Die ökologisch ausgerichtete „Kratzdistel" in Frankfurt ist ein etwas anderer Schrebergarten. Ein Besuch.
Wo ist hier eigentlich der Weg? Was in anderen Schrebergärten akkurat in rechten Winkeln angelegt und penibel durch Zäune, Hecken und Markierungen voneinander abgetrennt ist, kann beim Kleingartenverein „Kratzdistel" schon mal für kurze Verwirrung sorgen. Bei einem Rundgang durch die „naturnahe Kleingartenanlage" an einem sonnigen Wochenende stößt Gabriele Thielmann auf zwei Jugendliche, die auf einer Liege und einer Decke im Gras sitzen - den Corona-Regeln entsprechend in gebührendem Abstand. Alessia und Nora schauen die ehemalige Vorsitzende der Gartengemeinschaft verdutzt an. Thielmann blickt sich um, und sagt: „Ach, hier ist der Weg?" Die Teenager nicken.

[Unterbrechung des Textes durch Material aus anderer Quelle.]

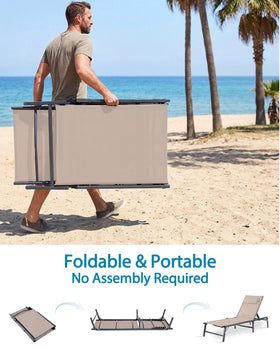 HOMELYM easy fold-and-go design enables quick setup on patios or by the pool.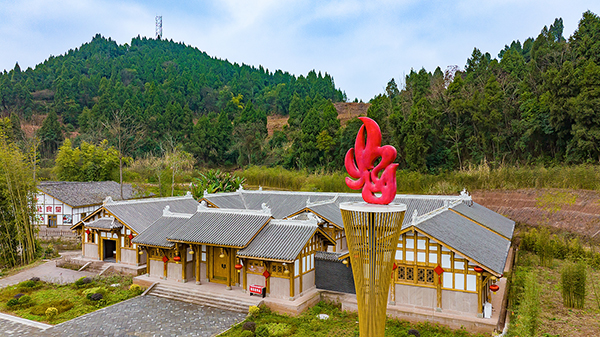 新春走基层|遂宁市安居区：沼气能源再利用 海龙村乡村振兴大有可为_fororder_2中国沼气博览园（摄影-廖志全）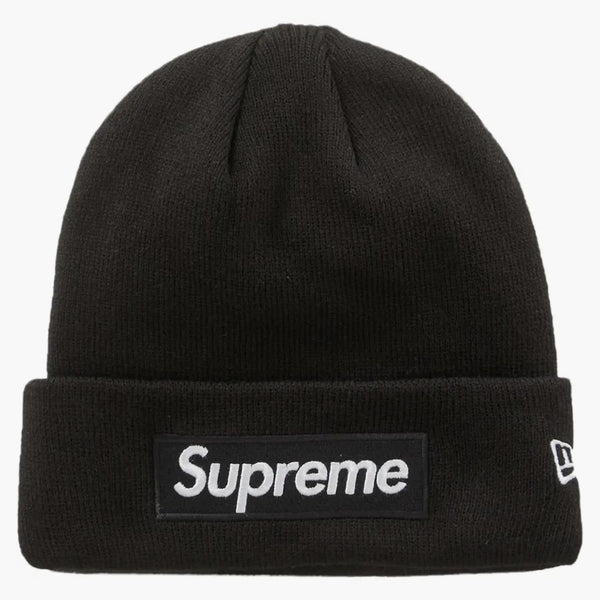 Supreme New Era Box Logo Beanie (fw23) Black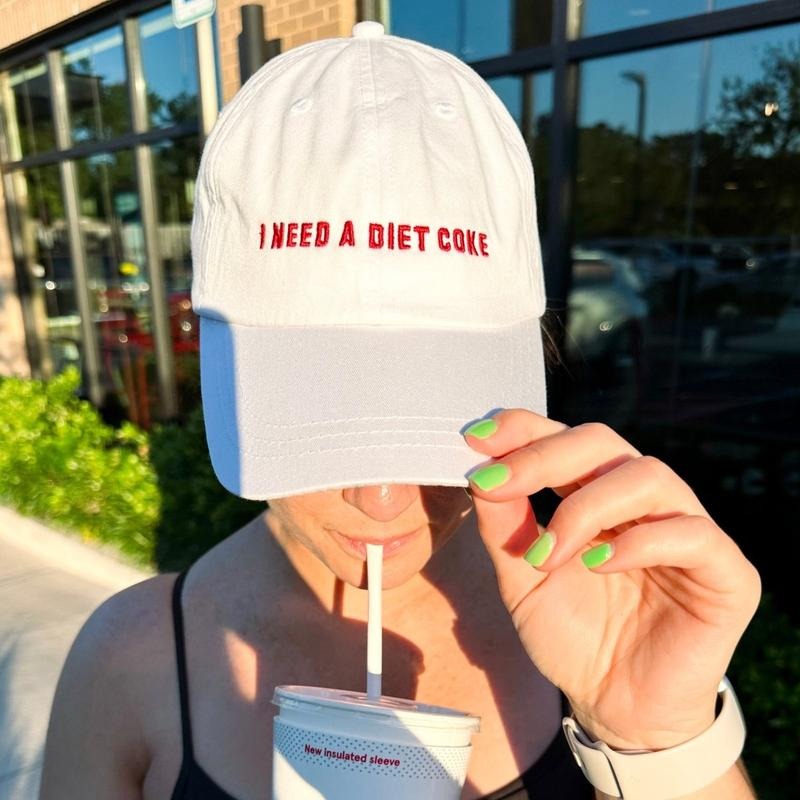 Diet Coke Embroidered Baseball Hat - 6 Panel Pigment Dyed Cap T-Shirts, Hoodie, Sweatshirt | RetroVerseTees.com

Manchmal ist es also auch für langjährige Mitglieder gar nicht so einfach bei den „Kratzis", wie Thielmann ihren Verein liebevoll nennt, die richtigen Pfade einzuschlagen. Und das ist durchaus gewollt. „Im Grunde ist das hier ein großer Garten", sagt die 62-Jährige. Um das geschätzte 1,6 Hektar große Gelände hinter dem Bockenheimer Friedhof gibt es zwar einen Zaun. Hier und da sind außerdem vereinzelte Abgrenzungen zu erkennen, die aber meist durch Bäume und Hecken gestaltet wurden. Sonst sind Umzäunungen nur an Gemüsebeeten zu entdecken, um gefräßige Kaninchen fernzuhalten. Zentral ist für die stellvertretende Vorsitzende des Vereins, Mechthild Wagenhoff, vor allem die ökologische Ausrichtung der Gartengemeinschaft, die sich vor fast drei Jahrzehnten zusammengetan hat und deren Name auf das „Hauptkraut" zurückgehen soll, das auf dem östlich des Niddaparks gelegenen Gelände gewachsen sei. „Wir verwenden keinen künstlichen Dünger und pflanzen nur einheimische beziehungsweise bodenständige Gehölze, die lange ortsansässig sind und sich klimatisch angepasst haben", sagt Wagenhoff. Dazu zählten Flieder und Holunder, Hasel und Berberitze, der Faulbaum und die Heckenkirsche. „Eine Forsythie ist ökologisch völlig uninteressant", sagt Thielmann. Denn die biete den „Bewohnern", also ansässigen Tieren wie Vögeln und Insekten, kaum Nahrung.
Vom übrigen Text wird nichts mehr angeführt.